Por último, medita acerca de tu prosperidad. Fórmate en tu pantalla interior imágenes que te reflejen a ti
en tanto que individuo próspero. No permitas que esas imágenes se desvanezcan, sean cuales fueren las circunstancias que hayas creado en tu vida. Tus meditaciones te proporcionaran un guión interior que seguir. Utiliza esta útil práctica para hacer realidad lo que realmente deseas experimentar en el mundo físico.
Yo sé que la prosperidad es algo que puede alcanzar cualquiera. Si yo puedo conocerla, y teniendo en
cuenta mis magros comienzos, ¿como puedo imaginar que otra persona no va a poder verla realizada? Si miro atrás a aquellos primeros tiempos me doy cuenta de que, incluso entonces, yo encarnaba una conciencia de prosperidad. Porque la prosperidad se lleva dentro.

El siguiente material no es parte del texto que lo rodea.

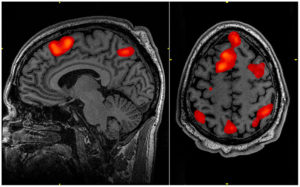 FMRI_scan_during_working_memory_tasks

He visto crecer e ir a más a mis hijos. Todos ellos estuvieron en otro tiempo en cuerpecitos de bebé. Todos y
cada uno de ellos lloraron pidiendo un juguete o cualquier otro objeto que atrajera su atención inmediata. Algo tan simple como un sonajero que los fascinaba, o un juguete que estaba en manos de otro niño. Lloraban hasta
que se les daba el juguete, entonces lo arrojaban lejos y lloraban pidiendo otra cosa.

Dejamos atrás esos cuerpecitos, pero muchos de nosotros seguimos teniendo ese pensamiento infantil. Queremos otra cosa que nos satisfaga, pero no sabemos cómo satisfacernos. Seguimos persiguiendo más y más sin cesar, yendo detrás de la prosperidad como si ésta estuviera en los objetos externos a nosotros. Para conocer el secreto de la prosperidad sepas que jamás podrás encontrarla. O, parafraseando a Eykis, no existe
el camino que lleva a la prosperidad, la prosperidad es el camino.